Written by Michael Haffner

Our mentors and coaches never stop teaching us. In fact, some might argue that their voices get louder over time. Maybe, they are even more profound. Or perhaps the words just affect you differently.

We’re a product of our past.

Lori Chalupny is keenly aware of this. “I see a little from all my past coaches in me.”

Likewise, she is someone who has left her mark on millions of soccer fans and players all over the world. Her impact is evident in U.S. Women’s Soccer history as well as her hometown of St. Louis, Missouri, where she still resides and serves as a mentor and coach for future generations of soccer stars. Chalupny is a former defender for the U.S. Women's National Team (USWNT). She won a Gold Medal at the 2008 Beijing Olympics and hoisted the World Cup in 2015. Now, she serves as the head coach for the women’s soccer team at Maryville University along with being a director for the St.
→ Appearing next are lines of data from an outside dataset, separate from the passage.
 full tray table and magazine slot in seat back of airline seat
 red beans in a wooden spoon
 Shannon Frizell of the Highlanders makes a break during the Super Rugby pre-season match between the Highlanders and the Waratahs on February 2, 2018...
Louis club team, Fire & Ice.

It was soccer that helped her develop a belief that she still applies to all aspects of her life: “You can’t cut corners.” Chalupny is a player and coach who has faced hardships and battles, but she is also aware of the people who have helped her better understand her role on and off the field.

A Quiet Force to be Reckoned With

Lori Chalupny’s demeanor when speaking about the past could be construed as reserved to some people. Her stories are short and succinct. But each story is accompanied by an easy smile. You hear her love of the sport in these stories, even though it was often “tough love” that had a hand in shaping her today. It’s not just a throwaway phrase to her, but an approach she encountered in training, during matches, and off the field. Lori Chalupny represents an era in soccer defined by discipline.

“Tracey believed in not cutting corners.”

Tracey Leone was one of the “tough love” mentors in her life. She was the head coach for the U-16 U.S. Women’s Youth National Team. Leone is a 1991 World Cup champion and became the first American to win a world championship as both a player and head coach when she won with the U-19 team in 2002 – a team which Chalupny was on. But what Leone instilled in her players was a set of standards that went beyond footwork. “She expected you to show up on time. You tucked in your shirt. She provided lessons for life that were so important to me at that time. From that day forward, it was never a question. I was always on time. It became a part of who I was.”

She was a perfect match for a young Chalupny who had already demonstrated a similar disciplined frame of mind in her training, which included being efficient with both feet and not favoring one over the other. At the time, Leone’s U-16 team needed a left-footed winger. “When I was a youngster, what set me apart was my ability to use my left foot. That’s what got my foot in the door for the youth national teams.” Chalupny was so skilled with that foot that they actually thought she was a lefty. It was through her coaches on St. Louis club teams like J.B. Marine and at Nerinx Hall High School where she was pushed to use both feet equally.

This led her to earn a spot in 2001 as a left-back for the U.S. Women’s National Team at the age of 17. Though some young players might find this accomplishment intimidating, Chalupny talks about being unphased stepping into the role. “When I started, I was surrounded by veteran players who were carrying the team forward. It’s a sink or swim moment. You either get on board with how things are done, or you’re gone.” She talks about the hard work and expectations put on her as if it was just a normal part of the job – her love of the sport outweighed the tougher aspects of her role on the team.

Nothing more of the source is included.